MacBook iSight hacked to covertly Spy on you
Hackers remotely accessing the camera on devices like a laptop or tablet are quite common to sci-fi flicks. Today, the whole scenario, is intimidating. Two scientists from the Johns Hopkins University have discovered certain flaws within the Apple ‘iSight’ Camera. Matthew Brocker and Stephen Checkoway showed that it was possible to remotely access the camera unit on the MacBook laptop and desktop without the owner’s knowledge.
Their research paper titled, “iSeeYou: Disabling the MacBook Webcam Indicator LED” explains how any individual with the necessary programming skills can hack into the system and reprogram the iSight camera through the microcontroller to disable the LED webcam indicator.

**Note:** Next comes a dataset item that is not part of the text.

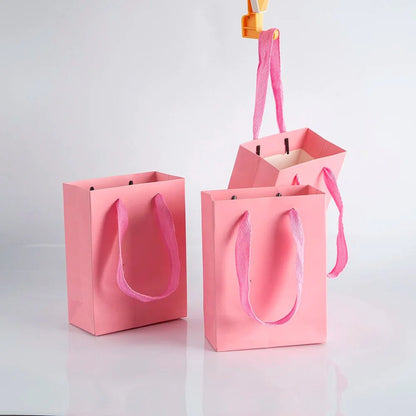 10pcs Gift Paper Bags with Ribbon Rope Kraft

Normally when the camera has been switched on, the LED indicator would turn green. The spyware, however, disables this and, so the user is left unaware of the situation. The paper also goes on to explain that the presence of multiple sensors and software attached to each of them on smartphones and other devices could have serious vulnerabilities. To illustrate the same, the duo explained that they could not only just view the user, but also take photos and videos of the subject using the webcam.
Appallingly, the 1Mac G5, Intel-based iMacs and the 2008 MacBook Pros can be exploited in the same manner. Though only the MacBook and iMac models were researched upon, scientists say that it’s possible to use similar techniques on practically any system old or new. In short, if a device has a built-in camera, it’s highly probable that the software can be bent to spy on. And for ages the FBI has been doing exactly the same to spy on terrorism suspects or in case of serious criminal inquiries.

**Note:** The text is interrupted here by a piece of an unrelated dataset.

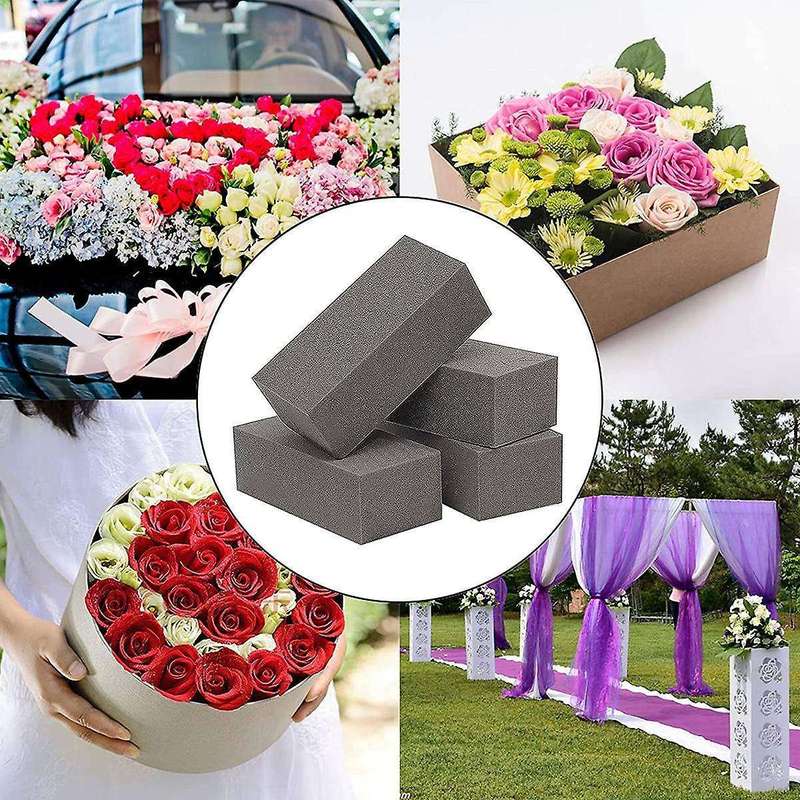 4pcs Dry Floral Foam for Artificial Flowers Wet Floral Foam Grey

Researchers say that this tendency can be mainly attributed to devices being made up of multiple chips. Laptops today, are actually a collection of computers put together making it difficult to ensure complete safety / security. While, companies like Apple used built-in cameras that were designed to overcome this security snag by introducing a “hardware interlock”, it is not completely foolproof. The Interlock between the Camera and the LED was intended to ensure that the LED indicator alerts the user whenever the camera is switched on. However, Brocker and Checkoway were able to work their way around it.
Alarmingly, camera-microcontrollers aren’t the only ones that can be reprogrammed. Researcher Charlie Miller demonstrated that was possible to hack into the software that controls Apple batteries and drain the battery rapidly eventually leading to a fire or explosion.
Any response from Apple on the issue is yet to be received.